En España, “el pueblo”, ese magma indefinido e indefinible, se concreta en el elemento germinal de la sociedad política: la ciudad clásica, ya sea el Madrid rebelde o -mejor aún- el municipio de Móstoles. Desde ese punto y hora, la nación se alumbra como los individuos que residen (articulo 1º de la Constitución de 1812) en el territorio español -entonces distribuido entre ambos hemisferios- y se bautiza, políticamente hablando, como el conjunto de sus pobladores. No debe, pues, sorprendernos que la soberanía nacional, como mito fundacional de una nación de ciudadanos libres e iguales, se incrustara, desde su origen, en el código de identidad de la izquierda. Así aparece en todas las constituciones de estirpe gaditana, desde 1812 a la actual de 1978, pasando por los textos de 1837, 1869 y 1931. Y así terminan por aceptarlo en 1890 los políticos conservadores, cuando Cánovas recoge y respeta la ley de sufragio universal (masculino), votada por la mayoría de la izquierda liberal en la legislatura precedente. Desde el año ocho, como en las divisiones de la ciudad clásica, el principio étnico-tribal se sustituye por el principio demótico-territorial. Y como en la ciudad antigua, la comitia centuriata se confunde con la curiata: el pueblo se convierte en ciudadano y miliciano a la vez. Recoge el poder y toma las armas en un mismo gesto de soberanía. Y, desde entonces, como antes en Francia, l’Armée fut la cité et la cité fut l’Armée.

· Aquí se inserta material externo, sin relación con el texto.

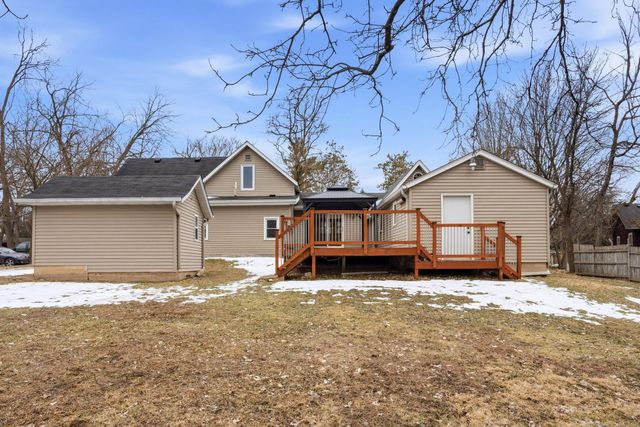 900 Greenvale Avenue W, Northfield, MN 55057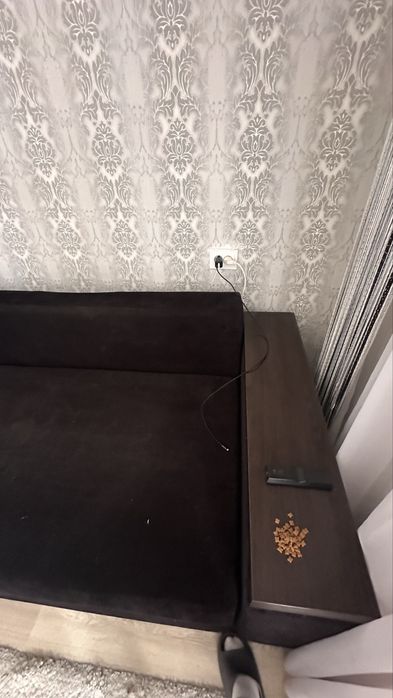 Продаю диван чорний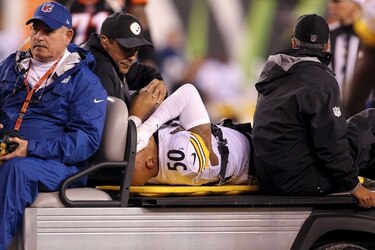 Jugador de los Steelers sigue hospitalizado tras lesión en la espalda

¿Por qué esa explosión de cólera y rebeldía en 1808-1813, en contraste a la falta de reacción, apenas diez o quince años después? Porque lo cierto es que “los cien mil hijos de San Luis” cruzan la Península en 1823 sin otra resistencia que la pequeña escaramuza simbolizada por la imponente plaza de Trocadero que la conmemora y magnifica en París. Chateaubriand -que andaba en el negocio de inflar la imagen de una Restauración borbónica, tan sobrada de legitimidad como deficitaria de gloria militar, en comparación a Napoleón el grande- nos lo cuenta en un libro poco leído pero inteligente e instructivo: en la segunda Guerre d’Espagne, los ejércitos del legitimismo debían triunfar “donde el Corso había fracasado”. ¿Cómo? Comportándose civilizadamente; es decir, con orden y buenas maneras. Los soldados borbónicos tenían, pues, que vivir de su propia intendencia, en lugar del pillaje y saqueo. Debían pagar las vituallas, en vez de robarlas. Respetar al campesino y honrar la religión, en lugar de maltratarlo, asesinarlo y humillarlo convirtiendo sus iglesias en cuadras de la caballería francesa. El contraste es evidente y la diferencia en los resultados también lo fueron. Una cosa es la salvaje carga de los mamelucos de un soldado de fortuna implacable, como Murat, y otra muy distinta el comportamiento de un aristócrata de academia, sensible y culto, como el duque de Angulema, presto a presentar armas al paisaje al entrar en Andalucía. Y precisamente ese contraste tan llamativo proporciona alguna de las claves en relación a la primera invasión y al levantamiento revolucionario y patriótico que desencadenó. Los ejércitos profesionales de la Restauración, que habían aprendido de la derrota napoleónica, como en tantas cosas, regresaron a la ortodoxia militar ilustrada. Reinventaron la logística del Marechál de Saxe: para marchar, había que comer primero. Los límites de la violencia estaban en la capacidad de abastecimiento de la fuerza expedicionaria.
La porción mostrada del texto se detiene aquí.